January 27th, 2012|
January 27, 2012
In the past five years, one in 49 million commercial flights has crashed, a 93 percent decline from 1994-1998, according to Bloomberg Businessweek. It’s been a decade since passengers have died in the crash of an airliner carrying more than 100 people.
It’s a dramatic turnaround. From July 1994 to January 1997, an airliner crashed at least once every three months, killing a total of 805 people. “It was overwhelming,” says a former vice-president for flight operations at Continental Airlines. “They were falling out of the sky.”
After TWA Flight 800 exploded over the Atlantic Ocean in July 1996, killing 230 people, the federal government intervened, but not with sweeping laws or regulations. Instead, a series of seemingly mundane, incremental changes, many recommended by the industry itself and put in place at little cost, have gradually made skies safer.

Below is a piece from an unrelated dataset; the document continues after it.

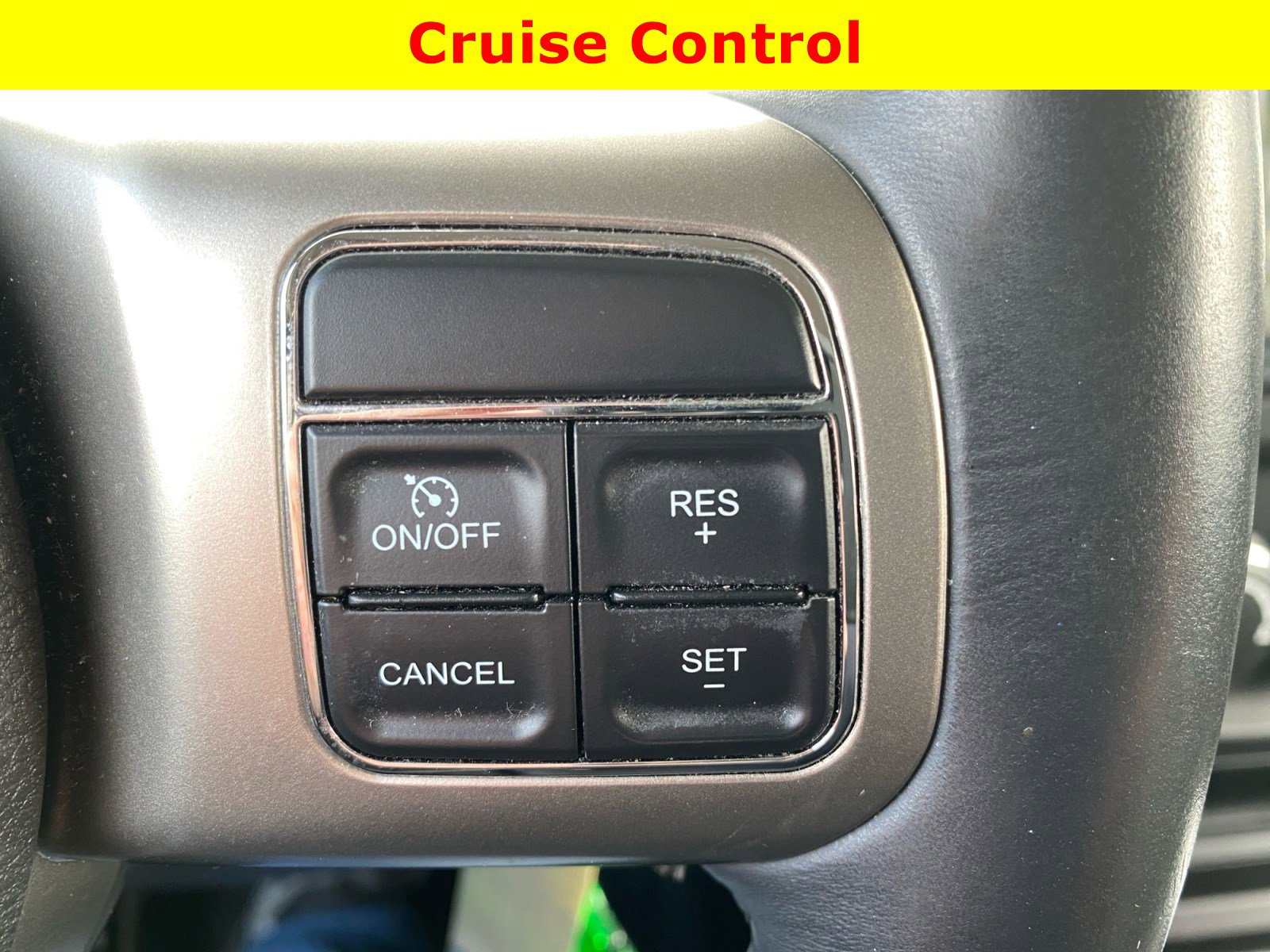 Used 2015 Jeep Patriot Limited w/ Sun/Sound Group image 12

In 1997, President Bill Clinton created a commission that called on the federal government and the airline industry to reduce the accident rate by 80 percent over 10 years. Groups used to working against each other—the Federal Aviation Administration, commercial airlines, manufacturers, and labor unions—formed the Commercial Aviation Safety Team (CAST) to analyze accident data and suggest improvements.
CAST has made 185 recommendations since it first met in 1998 and continues to debate improvements.